Elasticsearch as a Graph Database

As a CTO, it’s your continual job to be in control of the technologies used in your organization, and decide when it is time to move forward —abandon a current technology in a search for a better, more suitable one.

My case is about a project that includes a very large property Graph Database — containing about 10 billion vertices (entities) and 250 billion edges
At that point, this data was stored on an instance of Titan DB, with a HBase backend.

So, why move forward? What’s wrong with Titan? 
It turns out that Titan functions pretty well as a Graph Database — meaning that if you have an ID of an entity and you want to retrieve data about it from the DB — that’s a pretty simple task that Titan does quickly, efficiently and simply. Also, given an ID — an anchor — a Graph Traversal is easy (such as, ‘give me the out-edges of the out-vertices of vertex X’).
But our case started to become more complex — until that point, all we needed was this very task — we have built a UI that enables data exploration over the Graph.

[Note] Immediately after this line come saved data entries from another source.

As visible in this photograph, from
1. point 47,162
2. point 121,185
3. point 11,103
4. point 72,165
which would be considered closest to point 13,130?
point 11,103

Given an entity ID, our users explored other entities on the Graph using our UI. That simple. Titan was working fine.

But then, we wanted to expand our functionality — to enable free-text search of entities residing in the Graph.
Here, we encountered a limitation. Titan’s built-in indexing mechanism is limited to exact-match searches, and we wanted to allow our users more than that. We wanted our users to be able to search for entities that includes, starts-with or ends-with user-provided strings.

In a search for a better solution, we found out that Titan also enables integration with third-party indexing engines, such as Elasticsearch.
That sounded like a pretty good direction. But wait a minute… If all of our data has to be searchable, and we are using an external indexing engine, that means that the entire data has to be stored twice — one time on Titan backend (which is HBase), and another time on Elasticsearch.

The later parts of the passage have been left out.